BEGIN RECORDS FOR THE TASK
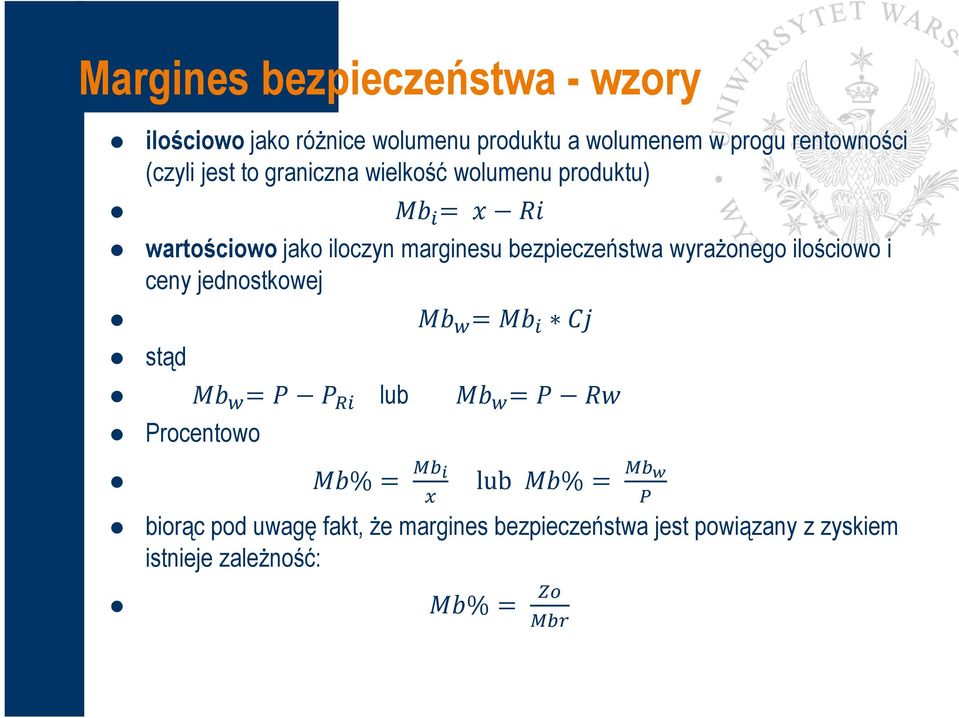 bezpieczeństwa wyrażonego ilościowo i ceny jednostkowej )* 3 )* 2 stąd )* 3 42 Procentowo )*% 5 6 lub )*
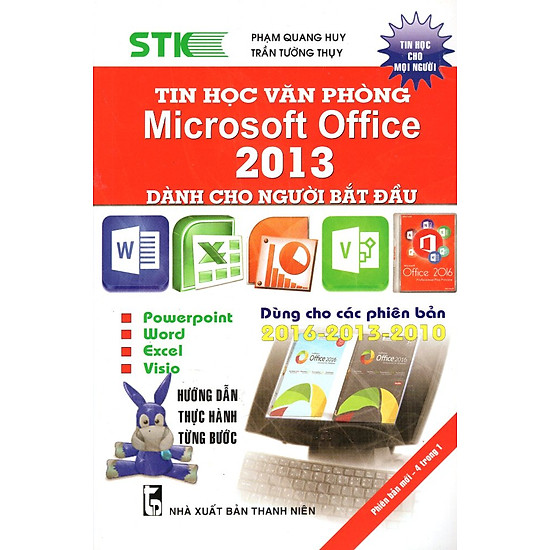 [Download Sách] Tin Học Văn Phòng Microsoft Office 2013 Dành Cho Người Bắt Đầu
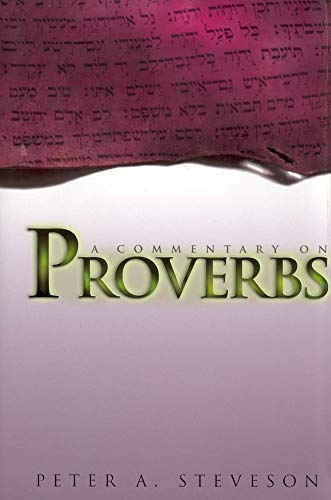 A Commentary on Proverbs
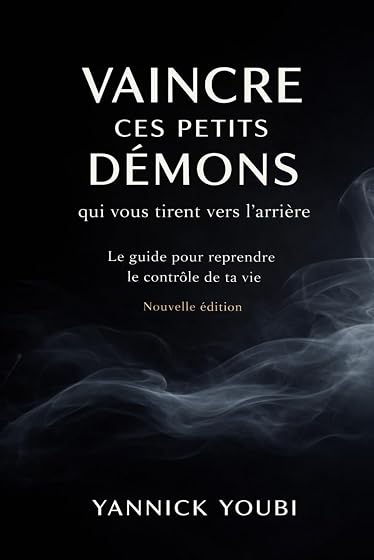 Vaincre ces petits démons qui vous tirent vers l’arrière: "Comment reprendre le contrôle de votre vie en luttant contre l’anxiété, la procrastination et la paresse"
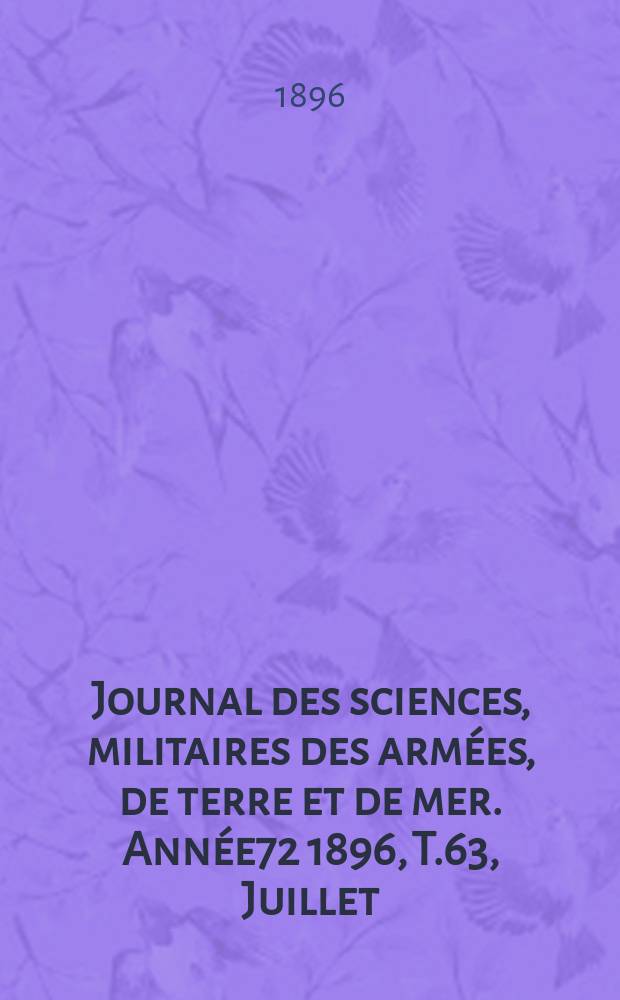 Journal des sciences, militaires des armées, de terre et de mer. Année72 1896, T.63, Juillet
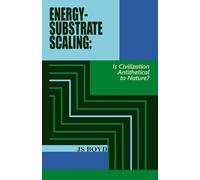 ENERGY-SUBSTRATE SCALING: IS CIVILIZATION ANTITHETICAL TO NATURE?: 2 (Energy-Substrate Scaling: A Unified Theory of Complexity)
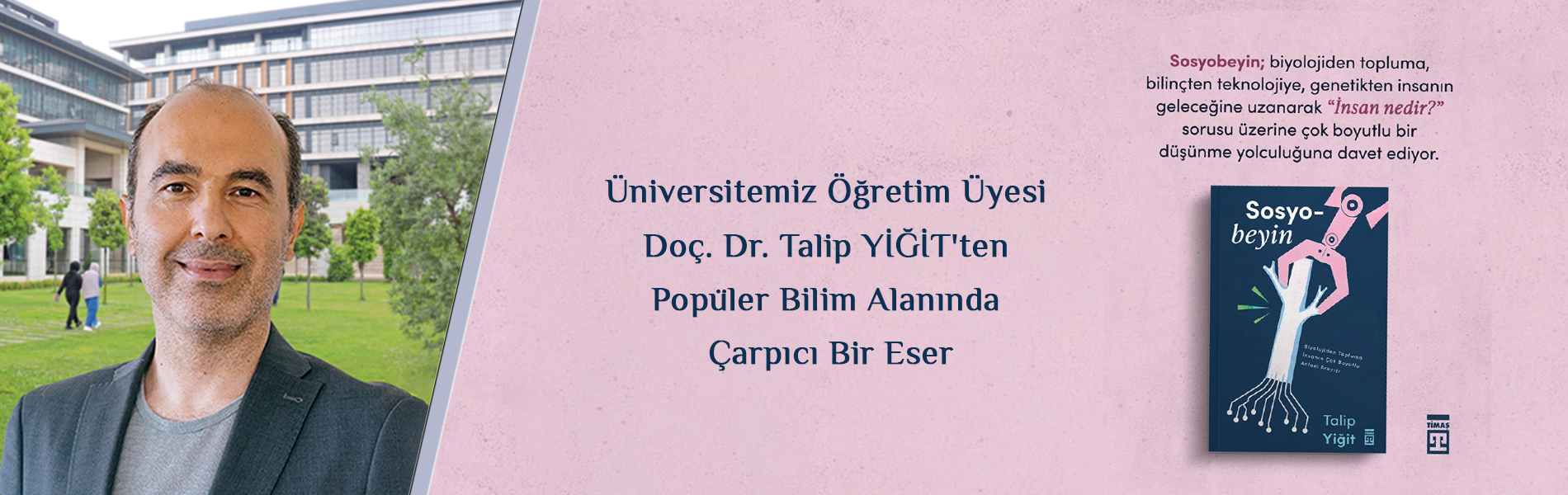  Üniversitemiz Öğretim Üyesi Doç. Dr. Talip YİĞİT'ten Popüler Bilim Alanında Çarpıcı Bir Eser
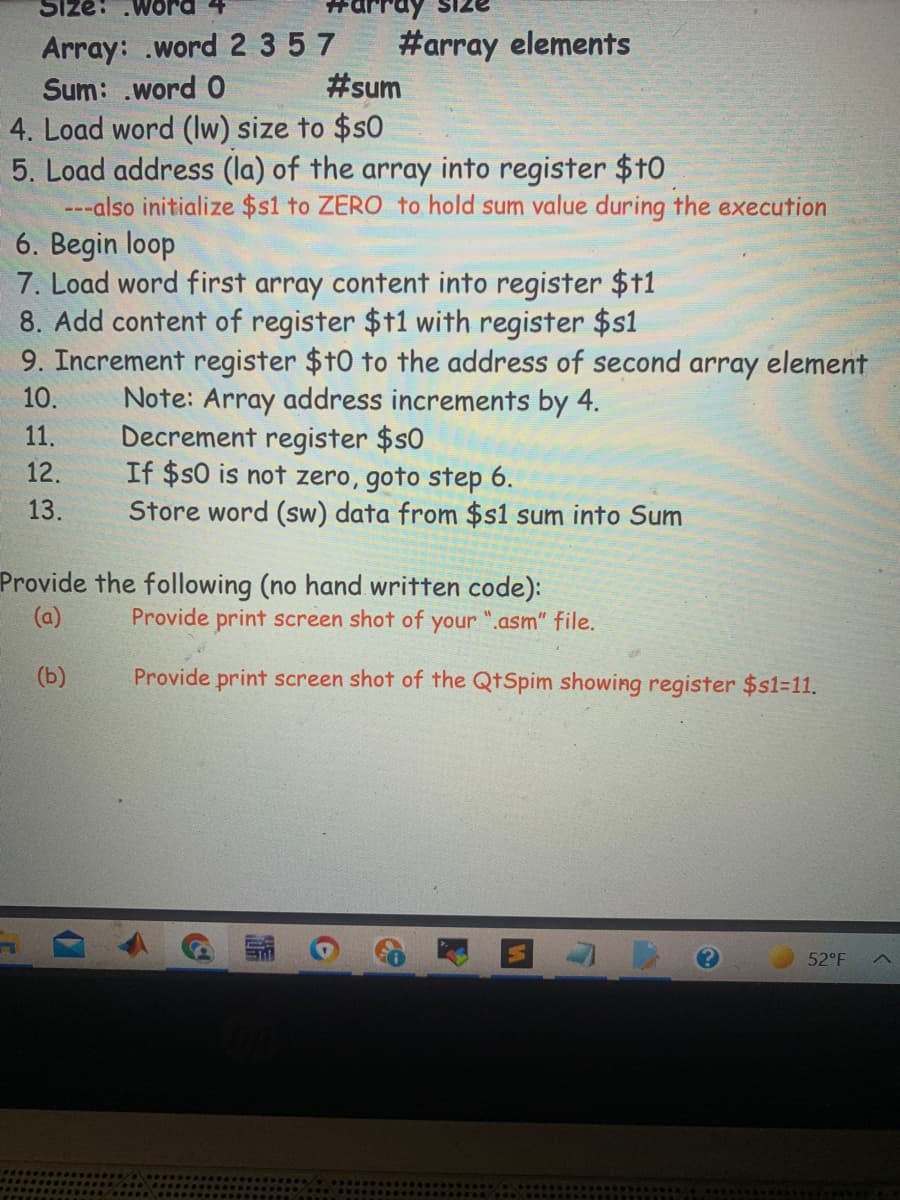 Size:
Array: .word 2 357
Sum: .word 0
#array elements
#sum
4. Load word (Iw) size to $s0
5. Load address (la) of the array into register $t0
---also initialize $s1 to ZERO to hold sum value during the execution
6. Begin loop
7. Load word first array content into register $1
8. Add content of register $11 with register $s1
9. Increment register $t0 to the address of second array element
Note: Array address increments by 4.
Decrement register $s0
If $$0 is not zero, goto step 6.
Store word (sw) data from $s1 sum into Sum
10.
11.
12.
13.
Provide the following (no hand written code):
Provide print screen shot of your ".asm" file.
(a)
(b)
Provide print screen shot of the QtSpim showing register $s1=11.
52°F
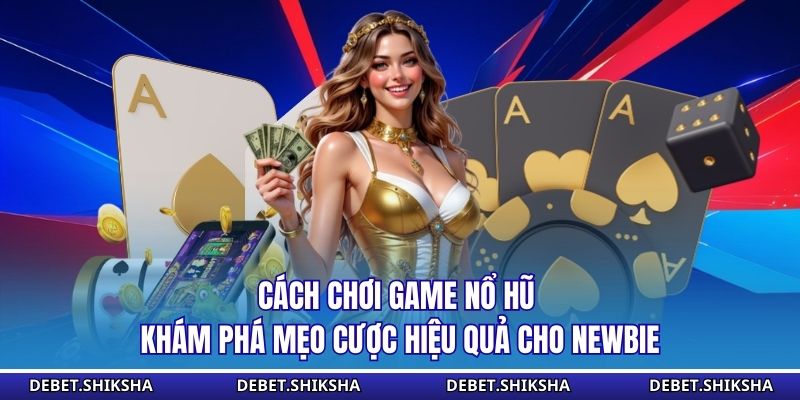 Cách chơi game nổ hũ
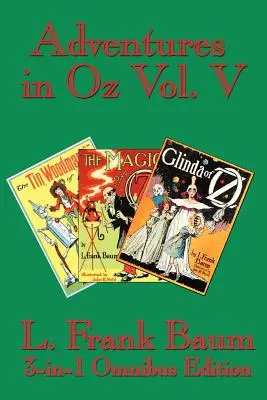 Przygody w Krainie Oz, tom V: Blaszany Drwal z Krainy Oz, Magia Krainy Oz, Glinda z Krainy Oz - Adventures in Oz Vol. V: The Tin Woodman of Oz, the Magic of Oz, Glinda of Oz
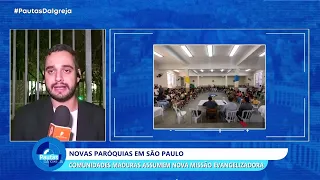 Church News - New Parishes in São Paulo - 07/22/2026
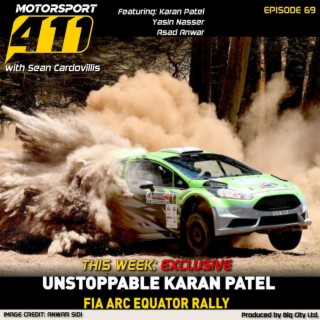Motorsport 411 - E69 | The Unstoppable Karan Patel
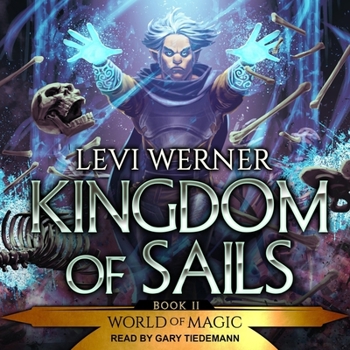 MP3 CD Kingdom of Sails: A Litrpg/Gamelit Series Book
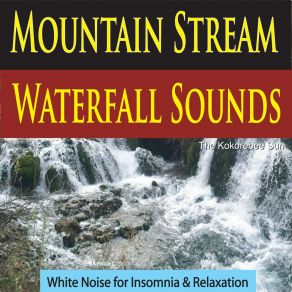 Download track Sound Of A Waterfall (For Deep Sleep) The Kokorebee Sun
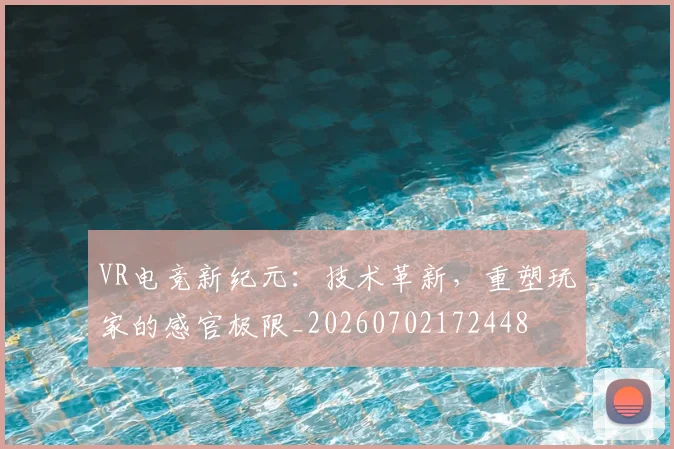 VR电竞新纪元：技术革新，重塑玩家的感官极限_20260702172448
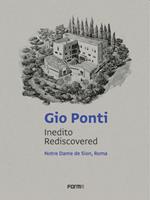 Gio Ponti. Inedito rediscovered. Notre Dame de Sion, Roma. Ediz. italiana e inglese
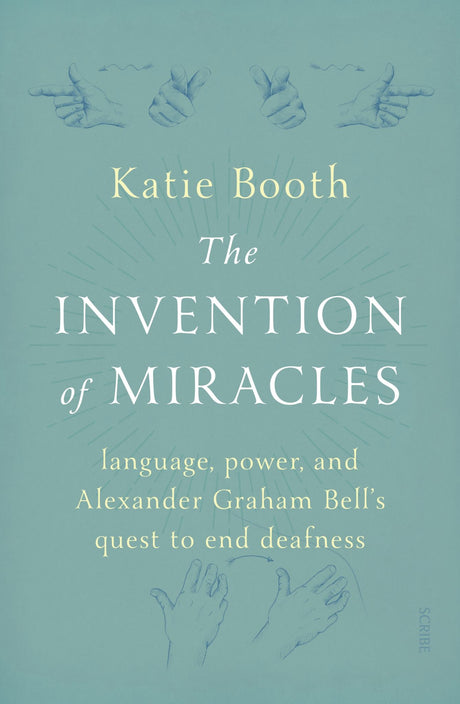 Cover of 'The Invention of Miracles', a biography of Alexander Graham Bell's complex legacy with Deaf culture and technology.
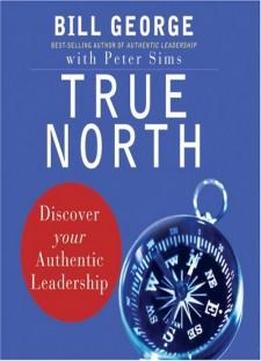 True North: Discover Your Authentic Leadership (your Coach In A Box)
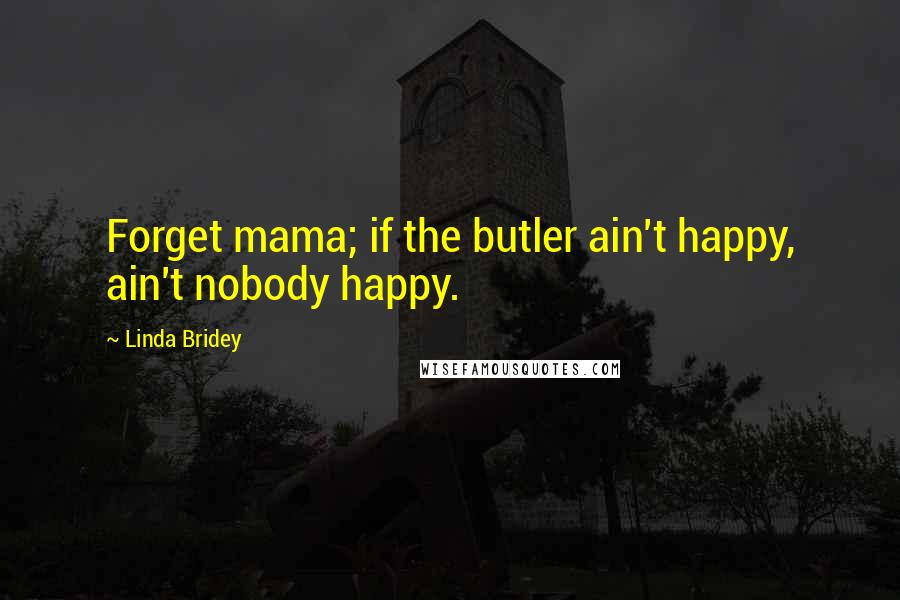 Linda Bridey Quotes: Forget mama; if the butler ain't happy, ain't nobody happy.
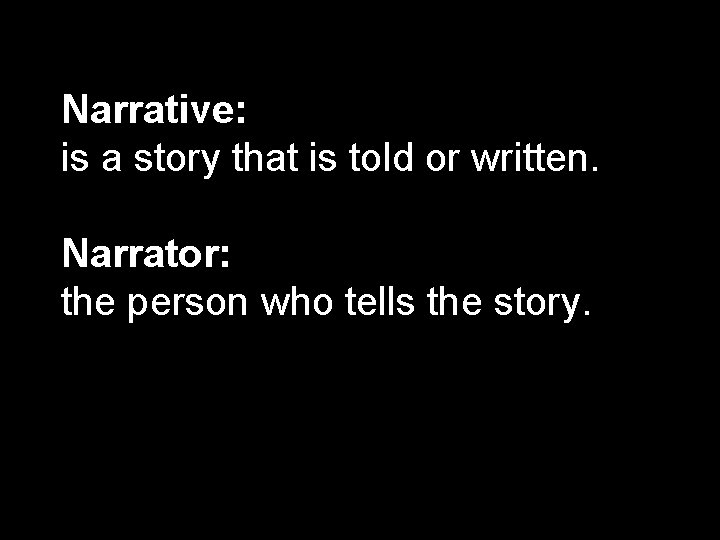 Narrative: is a story that is told or written. Narrator: the person who tells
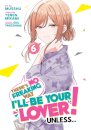 There's No Freaking Way I'll be Your Lover! Unless... (Manga) Vol. 6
END RECORDS FOR THE TASK
ACTIVITY
Please set down each line of the listing above word for word, skipping any pictures.

COMPLETED EXERCISE
 bezpieczeństwa wyrażonego ilościowo i ceny jednostkowej )* 3 )* 2 stąd )* 3 42 Procentowo )*% 5 6 lub )*
 [Download Sách] Tin Học Văn Phòng Microsoft Office 2013 Dành Cho Người Bắt Đầu
 A Commentary on Proverbs
 Vaincre ces petits démons qui vous tirent vers l’arrière: "Comment reprendre le contrôle de votre vie en luttant contre l’anxiété, la procrastination et la paresse"
 Journal des sciences, militaires des armées, de terre et de mer. Année72 1896, T.63, Juillet
 ENERGY-SUBSTRATE SCALING: IS CIVILIZATION ANTITHETICAL TO NATURE?: 2 (Energy-Substrate Scaling: A Unified Theory of Complexity)
  Üniversitemiz Öğretim Üyesi Doç. Dr. Talip YİĞİT'ten Popüler Bilim Alanında Çarpıcı Bir Eser
 Size:
Array: .word 2 357
Sum: .word 0
#array elements
#sum
4. Load word (Iw) size to $s0
5. Load address (la) of the array into register $t0
---also initialize $s1 to ZERO to hold sum value during the execution
6. Begin loop
7. Load word first array content into register $1
8. Add content of register $11 with register $s1
9. Increment register $t0 to the address of second array element
Note: Array address increments by 4.
Decrement register $s0
If $$0 is not zero, goto step 6.
Store word (sw) data from $s1 sum into Sum
10.
11.
12.
13.
Provide the following (no hand written code):
Provide print screen shot of your ".asm" file.
(a)
(b)
Provide print screen shot of the QtSpim showing register $s1=11.
52°F
 Cách chơi game nổ hũ
 Przygody w Krainie Oz, tom V: Blaszany Drwal z Krainy Oz, Magia Krainy Oz, Glinda z Krainy Oz - Adventures in Oz Vol. V: The Tin Woodman of Oz, the Magic of Oz, Glinda of Oz
 Church News - New Parishes in São Paulo - 07/22/2026
Motorsport 411 - E69 | The Unstoppable Karan Patel
 MP3 CD Kingdom of Sails: A Litrpg/Gamelit Series Book
 Download track Sound Of A Waterfall (For Deep Sleep) The Kokorebee Sun
 VR电竞新纪元：技术革新，重塑玩家的感官极限_20260702172448
 Gio Ponti. Inedito rediscovered. Notre Dame de Sion, Roma. Ediz. italiana e inglese
 Cover of 'The Invention of Miracles', a biography of Alexander Graham Bell's complex legacy with Deaf culture and technology.
 True North: Discover Your Authentic Leadership (your Coach In A Box)
 Linda Bridey Quotes: Forget mama; if the butler ain't happy, ain't nobody happy.
 Narrative: is a story that is told or written. Narrator: the person who tells
 There's No Freaking Way I'll be Your Lover! Unless... (Manga) Vol. 6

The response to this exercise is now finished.